:: Data extract ::

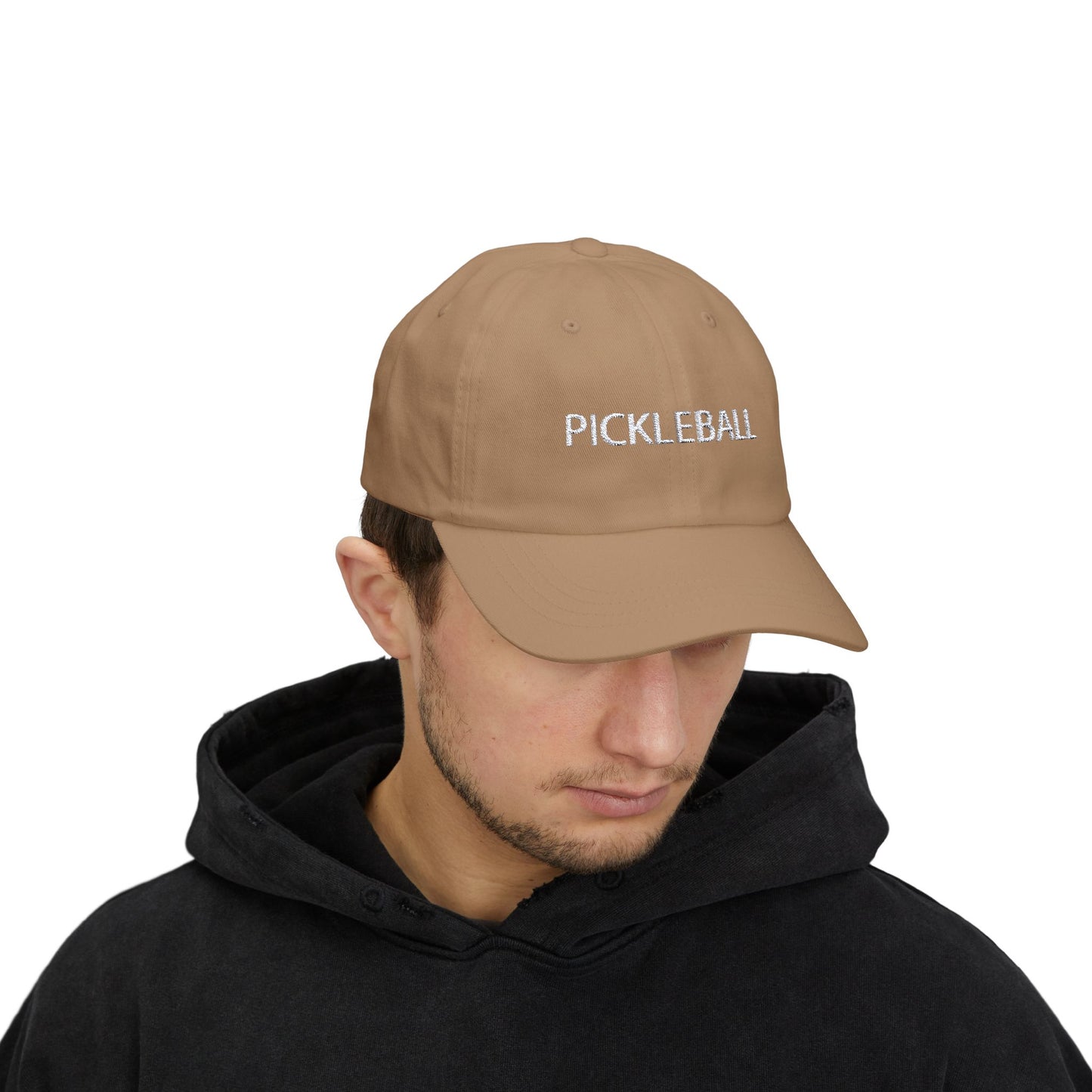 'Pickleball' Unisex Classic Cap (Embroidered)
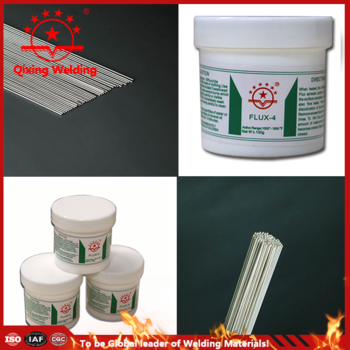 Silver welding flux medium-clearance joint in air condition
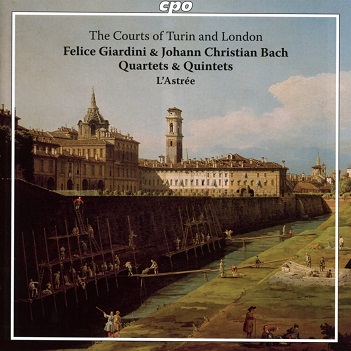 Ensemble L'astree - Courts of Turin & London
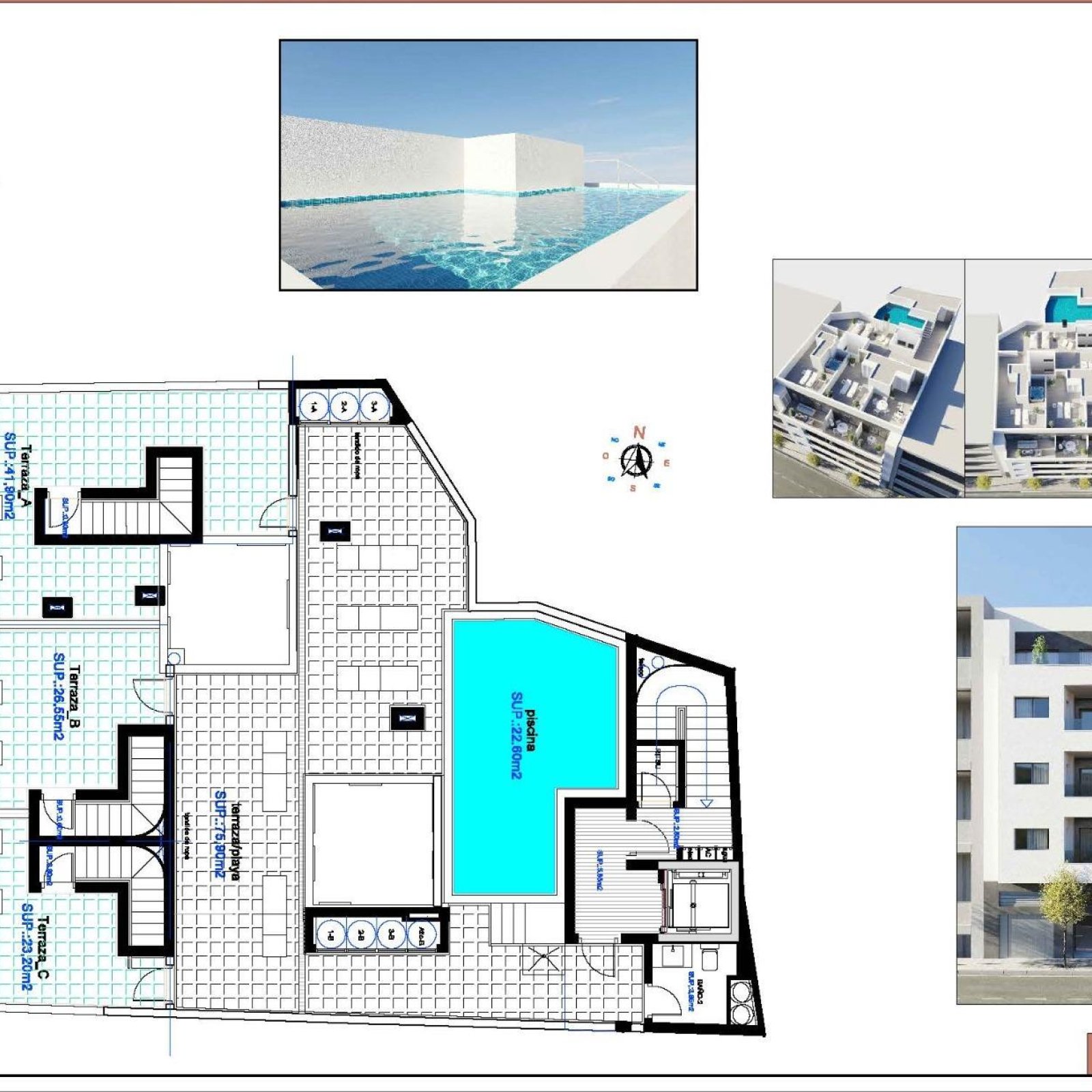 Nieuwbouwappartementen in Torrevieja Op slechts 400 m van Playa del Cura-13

---

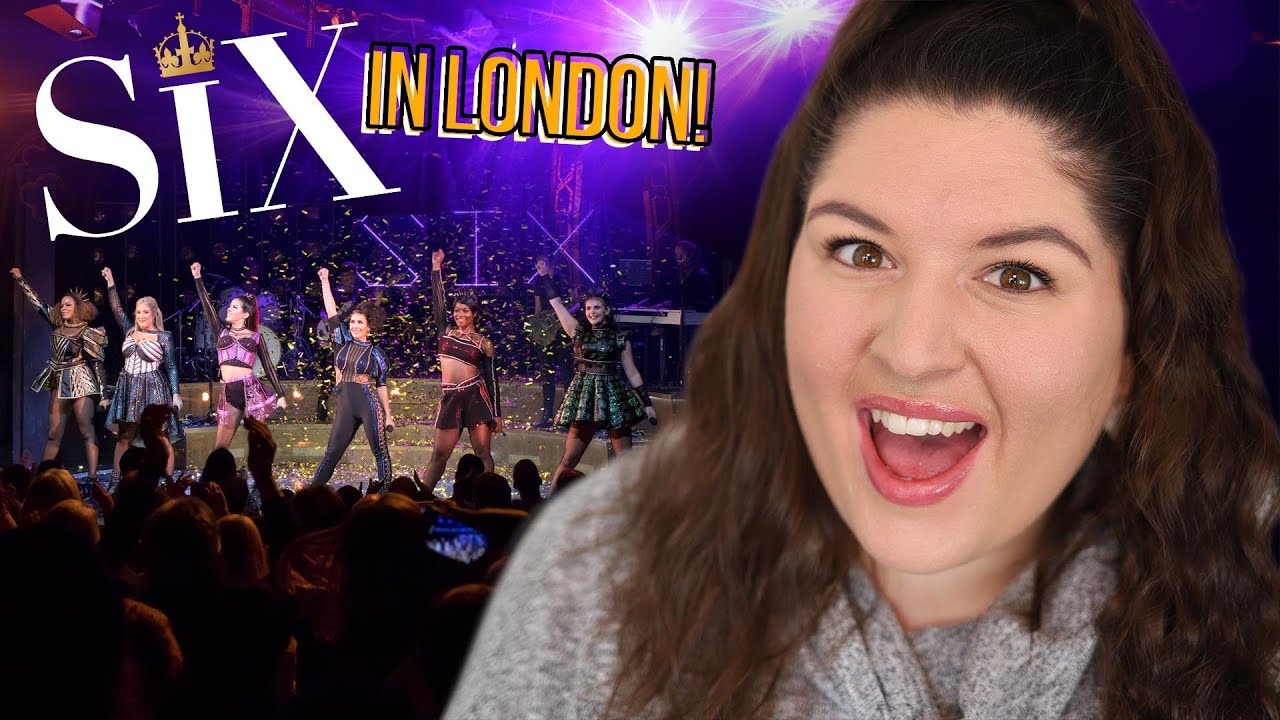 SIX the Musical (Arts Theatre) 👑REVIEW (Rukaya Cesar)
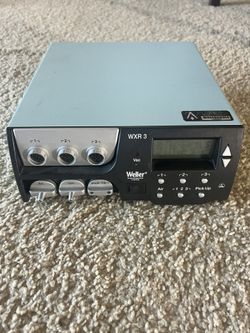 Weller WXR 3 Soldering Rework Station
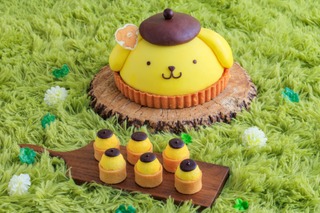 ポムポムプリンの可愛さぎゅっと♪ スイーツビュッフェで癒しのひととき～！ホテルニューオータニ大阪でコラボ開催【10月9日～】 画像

:: Task description ::
What's needed is an exact copy of the lines above from the one with "Ensemble L'astree - Courts of Turin & London" through the one with "Nieuwbouwappartementen in Torrevieja", both included; the pictures stay out.

:: Task response ::
 Ensemble L'astree - Courts of Turin & London
 Nieuwbouwappartementen in Torrevieja Op slechts 400 m van Playa del Cura-13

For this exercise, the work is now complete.